Disclaimer: The following article mentions the topic of suicide or other sensitive subjects, which may trigger negative thoughts and feelings for those currently suffering or still recovering from a mental or mood disorder. Reader discretion is advised.
A Poem for Letters of Light
Porcelain women, carrying the burden of humanity.
When we crack under the weight, women come, like elves in the night, and use stories like glue to hold us together.
Her story saved me.
By the grace of our stories,
We heal and love and live.
I struggled with episodes of postpartum depression for six years before I realized that I had something more than a serious case of incompetence. I believed that I was weaker than other women and that I lacked the ability to cope with the normal stresses of life and motherhood.

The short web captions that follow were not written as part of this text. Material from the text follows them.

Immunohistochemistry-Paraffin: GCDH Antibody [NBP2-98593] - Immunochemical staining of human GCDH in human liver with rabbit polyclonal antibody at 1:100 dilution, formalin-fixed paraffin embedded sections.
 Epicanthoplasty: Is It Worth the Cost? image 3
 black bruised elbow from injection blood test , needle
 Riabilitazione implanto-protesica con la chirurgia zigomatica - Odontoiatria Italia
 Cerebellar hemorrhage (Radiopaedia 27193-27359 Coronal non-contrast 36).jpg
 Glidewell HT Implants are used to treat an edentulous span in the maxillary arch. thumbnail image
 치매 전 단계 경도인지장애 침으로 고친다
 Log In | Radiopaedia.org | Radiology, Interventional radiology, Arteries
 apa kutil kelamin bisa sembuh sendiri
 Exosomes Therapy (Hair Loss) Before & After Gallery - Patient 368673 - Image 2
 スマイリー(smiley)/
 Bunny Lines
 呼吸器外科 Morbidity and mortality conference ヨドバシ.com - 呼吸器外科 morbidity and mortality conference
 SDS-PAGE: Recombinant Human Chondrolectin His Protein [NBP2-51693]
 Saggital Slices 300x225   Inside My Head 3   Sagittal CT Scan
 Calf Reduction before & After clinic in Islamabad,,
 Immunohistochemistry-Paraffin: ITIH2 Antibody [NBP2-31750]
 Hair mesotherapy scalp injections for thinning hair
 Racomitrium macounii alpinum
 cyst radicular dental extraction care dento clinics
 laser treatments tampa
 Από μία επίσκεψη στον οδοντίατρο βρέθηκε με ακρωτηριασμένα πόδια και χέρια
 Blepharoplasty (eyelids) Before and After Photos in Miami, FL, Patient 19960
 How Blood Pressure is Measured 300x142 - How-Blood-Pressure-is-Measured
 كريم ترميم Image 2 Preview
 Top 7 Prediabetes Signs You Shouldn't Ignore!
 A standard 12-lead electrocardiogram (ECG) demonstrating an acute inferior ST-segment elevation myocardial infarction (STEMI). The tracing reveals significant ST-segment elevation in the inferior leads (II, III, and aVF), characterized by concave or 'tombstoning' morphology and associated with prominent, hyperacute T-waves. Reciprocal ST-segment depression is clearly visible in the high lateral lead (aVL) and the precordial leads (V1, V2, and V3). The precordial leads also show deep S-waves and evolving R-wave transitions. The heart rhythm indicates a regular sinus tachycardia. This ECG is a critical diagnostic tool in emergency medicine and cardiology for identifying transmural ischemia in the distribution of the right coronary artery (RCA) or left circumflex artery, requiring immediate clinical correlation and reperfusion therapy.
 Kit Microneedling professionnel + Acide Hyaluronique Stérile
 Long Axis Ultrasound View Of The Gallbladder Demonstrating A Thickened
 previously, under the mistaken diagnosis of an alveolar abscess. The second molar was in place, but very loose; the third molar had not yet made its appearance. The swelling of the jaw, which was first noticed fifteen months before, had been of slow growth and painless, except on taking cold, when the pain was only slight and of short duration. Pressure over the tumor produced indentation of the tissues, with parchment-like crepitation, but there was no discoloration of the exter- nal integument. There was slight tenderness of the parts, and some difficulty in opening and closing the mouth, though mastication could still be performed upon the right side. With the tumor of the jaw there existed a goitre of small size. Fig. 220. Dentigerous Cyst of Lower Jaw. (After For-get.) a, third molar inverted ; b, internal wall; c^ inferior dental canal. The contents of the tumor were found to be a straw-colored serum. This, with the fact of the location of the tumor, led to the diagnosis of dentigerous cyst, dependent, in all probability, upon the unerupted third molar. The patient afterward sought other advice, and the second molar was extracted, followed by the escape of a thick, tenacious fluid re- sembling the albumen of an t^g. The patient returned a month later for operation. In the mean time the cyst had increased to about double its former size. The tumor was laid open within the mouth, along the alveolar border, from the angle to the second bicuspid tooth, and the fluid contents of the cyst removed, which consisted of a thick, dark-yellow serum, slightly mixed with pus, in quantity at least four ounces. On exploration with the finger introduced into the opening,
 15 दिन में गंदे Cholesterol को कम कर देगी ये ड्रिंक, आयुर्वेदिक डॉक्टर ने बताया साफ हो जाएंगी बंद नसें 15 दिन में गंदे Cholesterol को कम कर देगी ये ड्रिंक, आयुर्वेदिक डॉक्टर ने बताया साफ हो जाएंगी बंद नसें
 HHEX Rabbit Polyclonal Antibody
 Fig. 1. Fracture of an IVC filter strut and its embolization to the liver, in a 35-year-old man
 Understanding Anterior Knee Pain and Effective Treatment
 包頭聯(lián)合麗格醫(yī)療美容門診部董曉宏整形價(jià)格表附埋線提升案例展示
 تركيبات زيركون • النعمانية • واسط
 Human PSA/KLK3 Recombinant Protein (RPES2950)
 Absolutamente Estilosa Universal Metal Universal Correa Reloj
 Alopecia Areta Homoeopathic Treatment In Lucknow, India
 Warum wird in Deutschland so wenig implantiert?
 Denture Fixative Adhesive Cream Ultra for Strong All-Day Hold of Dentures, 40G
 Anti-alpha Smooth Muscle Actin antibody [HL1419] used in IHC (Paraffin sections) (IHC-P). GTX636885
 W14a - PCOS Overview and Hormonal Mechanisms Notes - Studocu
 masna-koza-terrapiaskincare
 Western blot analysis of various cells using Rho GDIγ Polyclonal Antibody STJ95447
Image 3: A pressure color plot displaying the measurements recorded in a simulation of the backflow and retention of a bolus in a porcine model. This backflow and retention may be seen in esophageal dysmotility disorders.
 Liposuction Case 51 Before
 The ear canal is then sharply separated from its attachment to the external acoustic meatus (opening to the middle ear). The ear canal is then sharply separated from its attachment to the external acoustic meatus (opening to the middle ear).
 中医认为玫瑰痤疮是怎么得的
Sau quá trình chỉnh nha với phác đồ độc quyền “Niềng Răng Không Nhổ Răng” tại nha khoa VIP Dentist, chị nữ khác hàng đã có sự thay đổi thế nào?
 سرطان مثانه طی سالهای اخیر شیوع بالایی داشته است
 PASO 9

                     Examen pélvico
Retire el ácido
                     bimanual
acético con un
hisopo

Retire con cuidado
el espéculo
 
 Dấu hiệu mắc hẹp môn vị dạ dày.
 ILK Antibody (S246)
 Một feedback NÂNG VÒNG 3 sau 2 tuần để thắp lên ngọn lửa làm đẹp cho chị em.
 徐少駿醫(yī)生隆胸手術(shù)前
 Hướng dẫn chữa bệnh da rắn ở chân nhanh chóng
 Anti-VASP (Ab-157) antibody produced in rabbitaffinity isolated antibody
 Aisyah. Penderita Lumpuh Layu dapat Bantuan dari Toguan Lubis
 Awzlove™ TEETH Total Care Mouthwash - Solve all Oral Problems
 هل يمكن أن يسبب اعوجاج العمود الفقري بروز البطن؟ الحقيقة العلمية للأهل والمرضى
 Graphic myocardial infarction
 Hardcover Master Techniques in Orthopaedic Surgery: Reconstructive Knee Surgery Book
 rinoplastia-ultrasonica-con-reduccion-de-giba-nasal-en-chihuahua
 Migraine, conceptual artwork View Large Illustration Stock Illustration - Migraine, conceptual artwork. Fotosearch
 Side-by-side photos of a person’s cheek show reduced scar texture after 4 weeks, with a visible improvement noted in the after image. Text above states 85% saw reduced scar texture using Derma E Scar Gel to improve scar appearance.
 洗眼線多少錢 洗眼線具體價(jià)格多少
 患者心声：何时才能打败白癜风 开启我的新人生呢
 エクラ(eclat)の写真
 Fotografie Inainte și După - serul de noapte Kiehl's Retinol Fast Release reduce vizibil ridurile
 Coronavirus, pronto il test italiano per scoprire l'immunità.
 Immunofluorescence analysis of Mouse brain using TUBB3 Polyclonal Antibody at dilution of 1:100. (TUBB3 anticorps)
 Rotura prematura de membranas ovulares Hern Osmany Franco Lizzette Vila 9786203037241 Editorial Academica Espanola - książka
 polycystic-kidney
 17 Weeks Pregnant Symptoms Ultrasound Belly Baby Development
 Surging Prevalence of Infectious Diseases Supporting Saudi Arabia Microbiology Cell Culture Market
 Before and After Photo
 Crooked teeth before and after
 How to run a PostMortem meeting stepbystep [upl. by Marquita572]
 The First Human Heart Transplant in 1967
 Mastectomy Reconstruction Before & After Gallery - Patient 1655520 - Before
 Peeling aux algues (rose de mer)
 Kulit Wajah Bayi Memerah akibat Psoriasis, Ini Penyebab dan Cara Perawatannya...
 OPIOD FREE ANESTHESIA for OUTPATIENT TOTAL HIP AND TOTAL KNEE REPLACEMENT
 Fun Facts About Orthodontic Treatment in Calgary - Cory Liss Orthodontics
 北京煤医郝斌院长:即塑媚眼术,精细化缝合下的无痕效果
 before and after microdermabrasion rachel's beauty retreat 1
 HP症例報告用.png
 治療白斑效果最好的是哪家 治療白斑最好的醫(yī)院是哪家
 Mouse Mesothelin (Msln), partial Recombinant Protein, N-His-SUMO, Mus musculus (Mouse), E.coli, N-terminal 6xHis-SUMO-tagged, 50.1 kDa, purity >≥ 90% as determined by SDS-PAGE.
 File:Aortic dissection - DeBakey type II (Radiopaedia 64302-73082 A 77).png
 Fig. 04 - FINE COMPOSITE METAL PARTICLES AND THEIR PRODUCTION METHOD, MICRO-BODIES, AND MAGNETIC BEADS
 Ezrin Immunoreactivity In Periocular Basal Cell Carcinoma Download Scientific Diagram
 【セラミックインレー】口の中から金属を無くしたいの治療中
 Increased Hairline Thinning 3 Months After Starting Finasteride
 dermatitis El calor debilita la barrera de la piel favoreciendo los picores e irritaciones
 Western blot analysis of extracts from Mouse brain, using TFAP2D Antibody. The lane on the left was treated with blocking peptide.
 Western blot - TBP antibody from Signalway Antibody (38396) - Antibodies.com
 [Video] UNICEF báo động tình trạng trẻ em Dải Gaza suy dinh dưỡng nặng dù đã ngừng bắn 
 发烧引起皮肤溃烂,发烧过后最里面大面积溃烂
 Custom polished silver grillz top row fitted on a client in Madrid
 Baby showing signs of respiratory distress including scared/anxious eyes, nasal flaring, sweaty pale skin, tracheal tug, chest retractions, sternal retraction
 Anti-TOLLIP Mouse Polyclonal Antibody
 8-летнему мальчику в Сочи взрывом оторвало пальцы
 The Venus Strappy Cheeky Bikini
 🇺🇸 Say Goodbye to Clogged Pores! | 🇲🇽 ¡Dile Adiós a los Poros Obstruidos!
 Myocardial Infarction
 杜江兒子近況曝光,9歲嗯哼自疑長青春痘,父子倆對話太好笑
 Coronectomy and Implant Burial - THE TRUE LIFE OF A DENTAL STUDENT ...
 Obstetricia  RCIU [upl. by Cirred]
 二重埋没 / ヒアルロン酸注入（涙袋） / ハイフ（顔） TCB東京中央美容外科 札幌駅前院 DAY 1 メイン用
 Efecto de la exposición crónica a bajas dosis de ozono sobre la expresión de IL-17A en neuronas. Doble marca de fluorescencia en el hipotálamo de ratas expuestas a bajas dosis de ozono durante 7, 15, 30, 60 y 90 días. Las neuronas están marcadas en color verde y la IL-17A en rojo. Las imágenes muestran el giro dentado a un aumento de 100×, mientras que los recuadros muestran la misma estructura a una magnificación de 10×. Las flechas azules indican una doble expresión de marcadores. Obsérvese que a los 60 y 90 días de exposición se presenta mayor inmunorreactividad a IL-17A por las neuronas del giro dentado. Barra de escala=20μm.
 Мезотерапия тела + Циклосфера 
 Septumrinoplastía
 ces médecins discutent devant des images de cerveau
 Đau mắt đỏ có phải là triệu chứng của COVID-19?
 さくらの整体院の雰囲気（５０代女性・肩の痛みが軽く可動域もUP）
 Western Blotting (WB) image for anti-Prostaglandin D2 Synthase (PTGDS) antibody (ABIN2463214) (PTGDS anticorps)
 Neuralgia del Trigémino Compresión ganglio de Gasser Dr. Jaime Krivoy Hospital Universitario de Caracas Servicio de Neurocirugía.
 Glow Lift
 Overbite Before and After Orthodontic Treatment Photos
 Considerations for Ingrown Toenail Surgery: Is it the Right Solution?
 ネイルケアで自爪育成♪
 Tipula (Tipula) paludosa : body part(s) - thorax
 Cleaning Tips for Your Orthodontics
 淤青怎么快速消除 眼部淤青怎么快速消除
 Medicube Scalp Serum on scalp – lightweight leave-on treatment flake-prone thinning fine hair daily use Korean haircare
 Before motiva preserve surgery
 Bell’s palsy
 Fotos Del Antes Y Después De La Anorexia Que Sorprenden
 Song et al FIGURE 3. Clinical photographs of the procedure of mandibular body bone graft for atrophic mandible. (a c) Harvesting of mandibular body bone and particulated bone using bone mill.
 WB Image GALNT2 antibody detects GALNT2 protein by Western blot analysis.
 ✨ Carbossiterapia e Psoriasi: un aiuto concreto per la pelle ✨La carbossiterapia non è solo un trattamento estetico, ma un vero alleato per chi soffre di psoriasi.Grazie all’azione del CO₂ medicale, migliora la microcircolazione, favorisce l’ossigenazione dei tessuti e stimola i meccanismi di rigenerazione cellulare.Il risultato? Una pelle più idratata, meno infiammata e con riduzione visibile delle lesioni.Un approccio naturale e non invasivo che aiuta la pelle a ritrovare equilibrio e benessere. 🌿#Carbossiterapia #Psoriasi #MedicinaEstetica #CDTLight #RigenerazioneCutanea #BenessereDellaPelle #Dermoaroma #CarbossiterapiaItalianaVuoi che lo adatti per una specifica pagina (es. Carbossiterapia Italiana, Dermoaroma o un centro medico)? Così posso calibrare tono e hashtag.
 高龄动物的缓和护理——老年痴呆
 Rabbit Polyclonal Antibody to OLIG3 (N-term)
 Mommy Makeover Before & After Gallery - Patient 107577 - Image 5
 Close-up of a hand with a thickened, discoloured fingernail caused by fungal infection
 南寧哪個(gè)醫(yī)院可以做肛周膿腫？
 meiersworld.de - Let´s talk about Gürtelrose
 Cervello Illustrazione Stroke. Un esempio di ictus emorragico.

For example, one day my toddler pulled a jar of peaches off the pantry shelf, scattering broken glass and peach juice across my kitchen tile. It completely overwhelmed me. I locked my kids in their rooms so they wouldn’t step on sharp glass, but I couldn’t face the kitchen. I cleaned out the bottom shelf of my linen closet and hid there in the blackness–shaking and cold. I prayed my husband wouldn’t come home for lunch and see me like that. I felt weak, broken, humiliated, and completely ashamed of myself.
There were other episodes as well: trying to cut myself in the shower, slapping my husband in the face, climbing out of our family car in the middle of moving traffic, and leaving the house after midnight while everyone else was sleeping and just driving all night.
There was a constant weight on my chest that made it hard to breath. I couldn’t fall asleep even though my body was weary to the bone. I felt that my world was collapsing in on me; I felt like I wanted to crawl out of my skin. I was constantly consumed with premonitions that I was going to die and leave my kids without their mother. My mind was bombarded with overwhelming thoughts, worries, and feelings of utter worthlessness. I had once been a talented and successful woman, but I believed I had become incompetent and that my life was bad because I wasn’t organized enough, spiritual enough, capable enough.
Shortly after our fourth baby was born, I found myself on my friend’s doorstep at midnight, in desperate need for help. She made me promise to call my OB’s office the next day. I did, and was prescribed an antidepressant.
I didn’t take the medication. I was suspicious of an over-the-phone diagnosis, which sounded to me like a “one-size-fits-all” treatment. Plus, a dear friend of mine had recently suffered a horrific reaction to an antidepressant that caused many complications. I was terrified that taking a drug would make my condition even worse.
Not taking medication was one of the best and worst things I’ve ever done. My journey to find natural healing was a crucible of personal discovery through which I learned how much I allowed negative, toxic voices to carry on an uncensored monologue in my head. I learned that my body was telling me to slow down and to be more realistic with my expectations. I learned that it’s okay to let people see my imperfections. I learned to open my heart to life and love. I learned to take time to breathe.
After eighteen long months, I finally started taking an antidepressant. The symptom relief was wonderful. I could finally sleep. The constant weight on my chest went away. The muddiness in my head cleared and I was again able to make rational decisions. I felt more like the real me.
My journey through postpartum depression was a defining moment in my life. It was the hardest thing I’ve endured, but I believe it has made me more compassionate, empathetic, grateful, open-hearted, fun-loving, and fearless. My daily dose of Prozac gives my body much-needed chemical support. I tell my story because another woman told her story, and through her story, she saved me.